Wednesday 2 November 2011

Wednesday 2nd November 2011

Your wife's got beautiful skin, shame it's not round her body no more.
It just came away in my hands as I asked her up to dance

Castles are wonderful places. Wonderful places to visit and run around and photograph. They are even better when they have a tearoom or a cafe. But it has to be a modern one, the tea room, none of this original malarkey.

Castles were designed to protect. They were also a penis substitute, a bit like Ferraris and Lamborghinis are today.
The bigger your castle the bigger you thought your penis was. There were plenty of exceptions to this rule however as mostly the people that commissioned castle building were more likely to be rich than well endowed.

But castles were also designed to be dangerous places. You probably wouldn't be allowed to build one today, not with all our barmy Health & Safety rules and regulations. The drawbridge would have to have safety netting under it to stop anyone from falling in the moat and there would have to be steps up the outside for emergency access.

Just think of the problems with the oil heating room too. Some self-righteous official would have a heart attack just thinking about the risk assessments for a room that is designed to heat huge vats of oil in for the sole purpose of pouring it over other people.

I remember when I was a young lad I was nearly killed in a castle. There was a re-enactment going on and all these people were running around with swords and lances and bows & arrows and things. I choked on a segment of apple in the cafe and turned blue. I have never eaten anything remotely associated with apples of castles to this day.

Castles are invariably built on hills. There is a common misconception that this is to make
it harder to get to. This is total nonsense. The reason castles are built on hills is because of people like George Clarke and Sarah Beeny. They thought it would be a good idea to have a nice view and a bit of a lake and the only place to put a lake on top of a hill with a castle on it is either in the castle itself, in which case you run the risk of Trenchfoot, or around the perimeter of it, so they are responsible for moats as well.

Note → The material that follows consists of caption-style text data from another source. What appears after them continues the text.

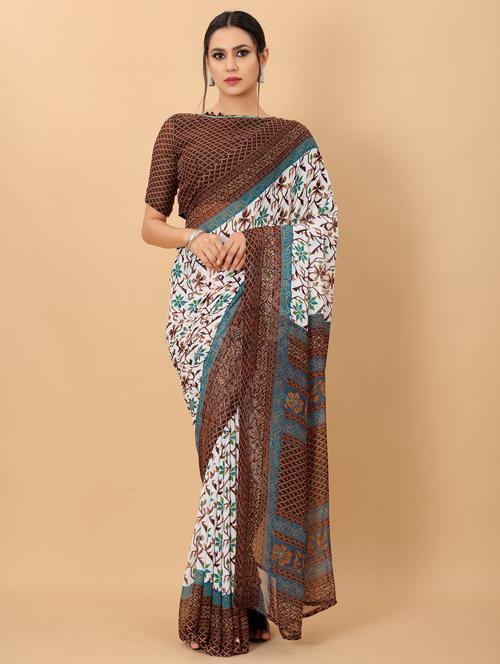 floral printed saree - 19199308 - Very Small Image - 1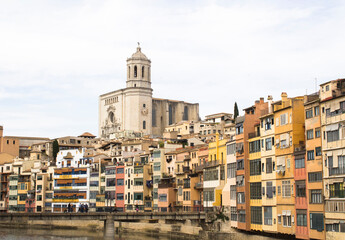Fototapeta premium View of the old town and bridge on a summer day. Girona. Spain.
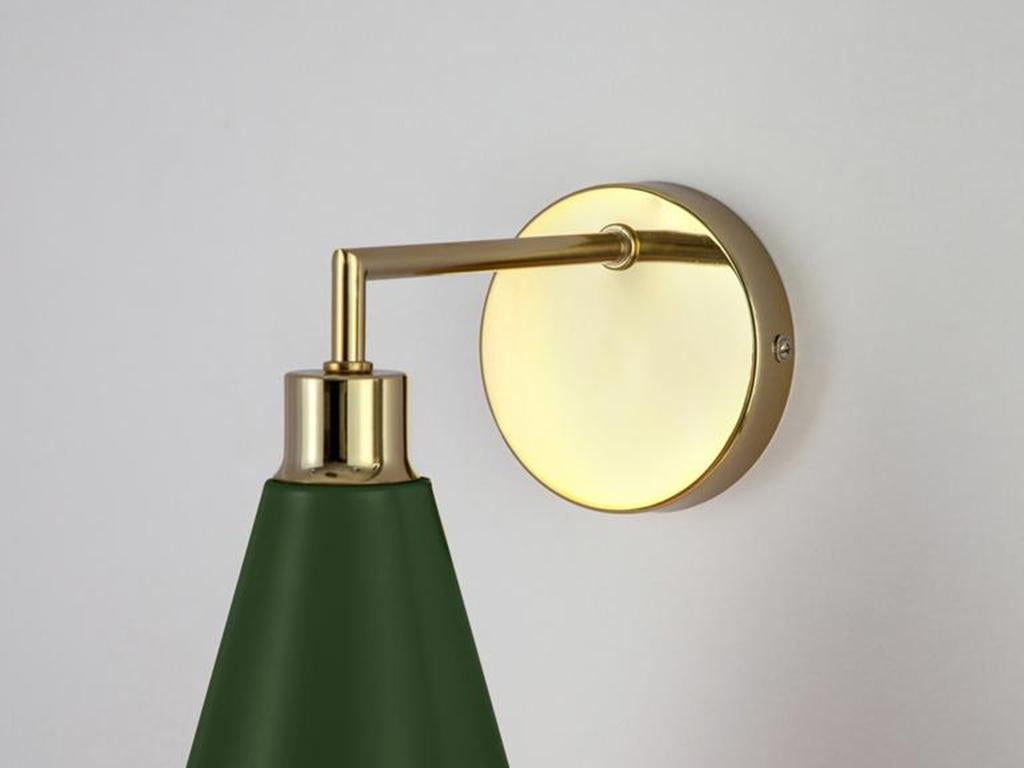 Scandinavian Modern Houseof Olive Green Cone Shade Wall Light with Metal and Brass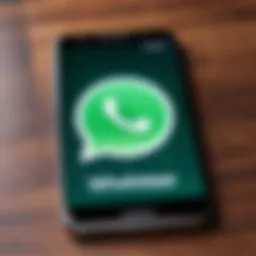 WhatsApp logo on a smartphone screen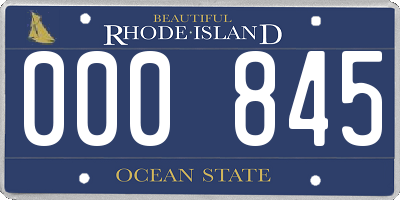 RI license plate 000845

Castles these days are, more often than not, in a state of dis-repair. This is not because no one has any money to do them up, oh no, it is because they have loads of money because the are not done up. Who wants to go and see a perfect, pristine castle? No one, except maybe a knight in shining armour and you don't get many of them for a pound these days either.

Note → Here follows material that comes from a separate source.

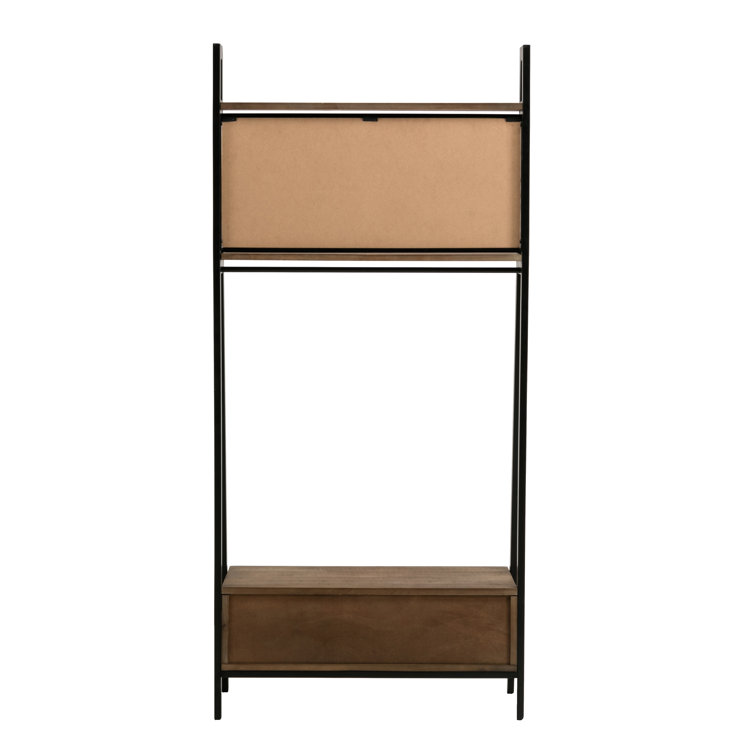 Carlton Mid-Century Natural Fir Hall Tree with Storage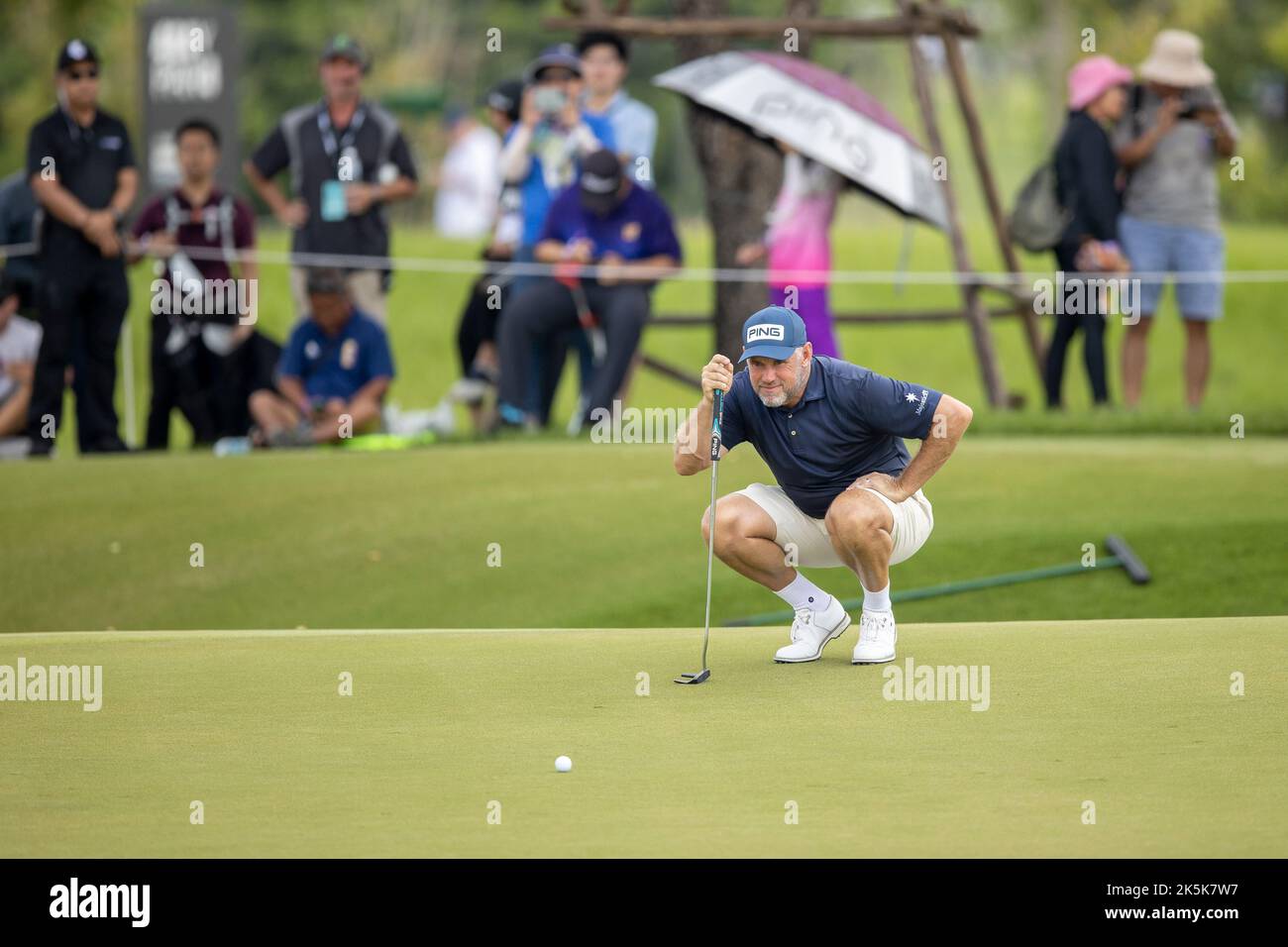 BANGKOK, THAILAND - OCTOBER 9:  Lee Westwood of England on hole 9 during the third and final round at the LIV GOLF INVITATIONAL BANGKOK at Stonehill Golf Course on October 9, 2022 in Bangkok, THAILAND (Photo by Peter van der Klooster/Alamy Live News) Stock Photo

Tourists like crumbling castles and it is for this reason that so many of them are. Not to save money but to make money.

Sandal Castle in Wakefield has a hill but not much castle. The pikeys have pinched most of it. The hill on which the remains sit is the very one that was besieged by the grand old Duke of York. Honest, it is. I stayed on Duke of York Avenue, right below the castle. Number 190. Having been up to the top of the hill many times, I can assure you that when you are up you are up, and when you are down you're in Duke of York Avenue. (this paragraph copyright of Macduff)

In summary, most castles were built long ago and the majority are uninhabited.